## Requirement
Once the line with "I want T-Shirt" is found in the entries below, print it and each following line exactly, stopping after the line with "Captura de pantalla"; print nothing else.

Data extracts section start

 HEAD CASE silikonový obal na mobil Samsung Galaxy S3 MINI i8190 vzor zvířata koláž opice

Data extracts section end
Data extracts section start

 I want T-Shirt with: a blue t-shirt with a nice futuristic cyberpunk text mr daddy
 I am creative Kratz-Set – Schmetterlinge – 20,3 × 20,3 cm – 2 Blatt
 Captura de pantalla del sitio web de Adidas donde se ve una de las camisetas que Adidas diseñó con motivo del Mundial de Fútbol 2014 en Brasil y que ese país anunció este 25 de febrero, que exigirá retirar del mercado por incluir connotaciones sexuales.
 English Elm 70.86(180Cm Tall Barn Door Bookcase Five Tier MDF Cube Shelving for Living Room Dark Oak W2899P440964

Data extracts section end

## Task output
 I want T-Shirt with: a blue t-shirt with a nice futuristic cyberpunk text mr daddy
 I am creative Kratz-Set – Schmetterlinge – 20,3 × 20,3 cm – 2 Blatt
 Captura de pantalla del sitio web de Adidas donde se ve una de las camisetas que Adidas diseñó con motivo del Mundial de Fútbol 2014 en Brasil y que ese país anunció este 25 de febrero, que exigirá retirar del mercado por incluir connotaciones sexuales.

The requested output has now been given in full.